By Sofia Jesus
I did not know Macau in the 1960s or 1970s — actually, I did not know any place in those years. But I share the (bitter?) sweet nostalgia of some of those who did. Visit To The Past, Photographs by Lei Chiu Vang, allows me to take on a journey to what I cannot remember but am certainly determined to treasure.
The book results from an exhibition held in 2004 at the Macao Museum of Art. I bought it some years ago and every once in a while I like to look back at it — particularly at the landscapes that have been swallowed by layers of reclaimed land, modern buildings and crowds. I decided to do so again this week, after talking to someone dear to me who has actually witnessed those days — and misses them much.
Lei Chiu Vang’s black and white pictures take me back to a laid-back land full of trees and empty roads.
There are kids “fishing near the bridge,” in Praia Grande; someone cycling the “Long Life Bridge;” “Banyan trees in the spring mist” at the Ferreira do Amaral isthmus; floating huts in Lamau docks; sampans at Praia do Manduco street or Fai Chi Kei; the Ping On Cinema, at Almeida Ribeiro avenue; a greenish Border Gate; or the Dong Shan Ferry’s last steamy trip between Macau and Hong Kong.
Then, there’s the “Searching for previous livelihoods” chapter, with hawkers selling seafood, steamed rice rolls, eggs, vegetables or agar agar; joss stick factory workers; children making firecrackers; a street herbalist; a fortune-teller; a sharpener; a street barber; a blacksmith.
The author then shares his search “for past memories,” with beautiful daily life scenes, many of which feature smiley children — as those rowing; or those sliding down Penha Hill.

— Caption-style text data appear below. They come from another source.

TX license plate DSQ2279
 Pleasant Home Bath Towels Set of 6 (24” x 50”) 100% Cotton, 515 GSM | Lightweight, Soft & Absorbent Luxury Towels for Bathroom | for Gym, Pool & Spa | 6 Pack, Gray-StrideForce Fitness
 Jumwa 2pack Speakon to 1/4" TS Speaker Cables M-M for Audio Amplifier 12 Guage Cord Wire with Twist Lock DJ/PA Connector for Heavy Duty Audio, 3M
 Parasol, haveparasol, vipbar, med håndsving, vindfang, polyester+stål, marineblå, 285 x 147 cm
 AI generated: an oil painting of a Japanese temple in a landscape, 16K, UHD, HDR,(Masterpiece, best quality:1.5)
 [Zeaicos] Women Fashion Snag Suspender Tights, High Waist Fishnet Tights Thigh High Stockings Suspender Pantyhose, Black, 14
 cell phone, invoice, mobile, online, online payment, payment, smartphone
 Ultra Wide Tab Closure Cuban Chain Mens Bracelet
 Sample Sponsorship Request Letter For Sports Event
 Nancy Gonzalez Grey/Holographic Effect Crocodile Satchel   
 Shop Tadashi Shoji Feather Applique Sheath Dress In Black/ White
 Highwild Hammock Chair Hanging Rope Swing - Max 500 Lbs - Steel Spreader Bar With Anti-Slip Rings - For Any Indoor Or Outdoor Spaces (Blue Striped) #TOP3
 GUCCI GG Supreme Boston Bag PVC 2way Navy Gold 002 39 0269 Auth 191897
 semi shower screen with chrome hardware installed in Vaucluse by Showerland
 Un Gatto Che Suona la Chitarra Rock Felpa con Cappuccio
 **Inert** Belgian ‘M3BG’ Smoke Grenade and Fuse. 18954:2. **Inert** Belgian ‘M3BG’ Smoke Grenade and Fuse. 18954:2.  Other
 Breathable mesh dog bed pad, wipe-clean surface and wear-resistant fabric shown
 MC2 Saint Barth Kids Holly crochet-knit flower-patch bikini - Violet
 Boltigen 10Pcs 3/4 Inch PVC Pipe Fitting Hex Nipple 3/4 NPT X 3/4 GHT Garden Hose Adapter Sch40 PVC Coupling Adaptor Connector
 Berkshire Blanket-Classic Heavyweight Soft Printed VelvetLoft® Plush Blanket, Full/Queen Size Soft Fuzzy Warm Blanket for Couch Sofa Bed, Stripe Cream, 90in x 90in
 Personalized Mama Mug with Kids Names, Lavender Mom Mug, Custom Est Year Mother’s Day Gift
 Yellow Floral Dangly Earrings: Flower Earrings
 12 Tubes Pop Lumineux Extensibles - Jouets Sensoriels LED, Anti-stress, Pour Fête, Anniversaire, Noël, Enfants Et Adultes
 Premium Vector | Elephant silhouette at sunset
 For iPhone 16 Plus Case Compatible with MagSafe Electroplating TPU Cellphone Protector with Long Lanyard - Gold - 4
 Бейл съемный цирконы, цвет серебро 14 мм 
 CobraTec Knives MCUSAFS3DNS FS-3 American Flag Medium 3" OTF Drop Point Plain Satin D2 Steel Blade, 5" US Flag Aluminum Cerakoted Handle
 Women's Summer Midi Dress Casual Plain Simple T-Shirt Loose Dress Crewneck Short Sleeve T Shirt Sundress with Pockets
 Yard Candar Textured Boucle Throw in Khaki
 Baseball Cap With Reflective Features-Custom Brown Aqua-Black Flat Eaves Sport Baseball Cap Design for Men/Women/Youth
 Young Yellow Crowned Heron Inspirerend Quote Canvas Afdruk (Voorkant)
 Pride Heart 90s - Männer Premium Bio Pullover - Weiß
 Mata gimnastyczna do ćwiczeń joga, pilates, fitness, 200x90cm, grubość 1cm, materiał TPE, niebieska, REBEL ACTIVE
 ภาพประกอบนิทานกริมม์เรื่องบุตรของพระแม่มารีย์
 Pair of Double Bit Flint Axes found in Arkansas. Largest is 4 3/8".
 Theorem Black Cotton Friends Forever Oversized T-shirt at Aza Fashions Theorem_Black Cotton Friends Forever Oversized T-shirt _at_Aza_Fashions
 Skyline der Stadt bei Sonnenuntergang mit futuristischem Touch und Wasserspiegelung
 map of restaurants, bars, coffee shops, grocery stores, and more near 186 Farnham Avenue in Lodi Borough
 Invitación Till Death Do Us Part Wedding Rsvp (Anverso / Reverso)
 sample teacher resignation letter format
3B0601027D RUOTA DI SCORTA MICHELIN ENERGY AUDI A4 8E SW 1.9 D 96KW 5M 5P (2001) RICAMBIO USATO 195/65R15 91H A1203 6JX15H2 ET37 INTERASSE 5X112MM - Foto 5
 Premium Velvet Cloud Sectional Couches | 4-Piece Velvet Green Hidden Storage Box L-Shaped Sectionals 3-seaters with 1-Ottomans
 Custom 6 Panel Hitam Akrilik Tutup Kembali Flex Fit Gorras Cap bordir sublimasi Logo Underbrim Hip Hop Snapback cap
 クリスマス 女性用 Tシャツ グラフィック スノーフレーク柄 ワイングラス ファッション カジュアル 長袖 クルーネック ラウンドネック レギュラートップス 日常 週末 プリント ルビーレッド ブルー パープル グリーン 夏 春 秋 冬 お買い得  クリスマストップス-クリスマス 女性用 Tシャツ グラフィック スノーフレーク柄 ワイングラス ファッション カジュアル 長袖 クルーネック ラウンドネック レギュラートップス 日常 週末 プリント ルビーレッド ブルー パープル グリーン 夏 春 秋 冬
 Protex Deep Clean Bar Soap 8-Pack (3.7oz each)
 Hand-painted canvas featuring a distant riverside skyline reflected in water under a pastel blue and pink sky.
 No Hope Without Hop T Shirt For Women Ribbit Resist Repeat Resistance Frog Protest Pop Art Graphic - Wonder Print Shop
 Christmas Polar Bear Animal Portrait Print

“Using the contrast of light and shadow, these refined and touching photographs preserve the last glimpse of simplicity and purity before Macau became urbanised,” writes in the preface Ung Vai Meng, who was the director of the Macao Museum of Art at the time of the exhibition. It may be. But the present does not have to be a dark place. It is up to each of us to help build a city full of other (bitter?) sweet memories for generations to come.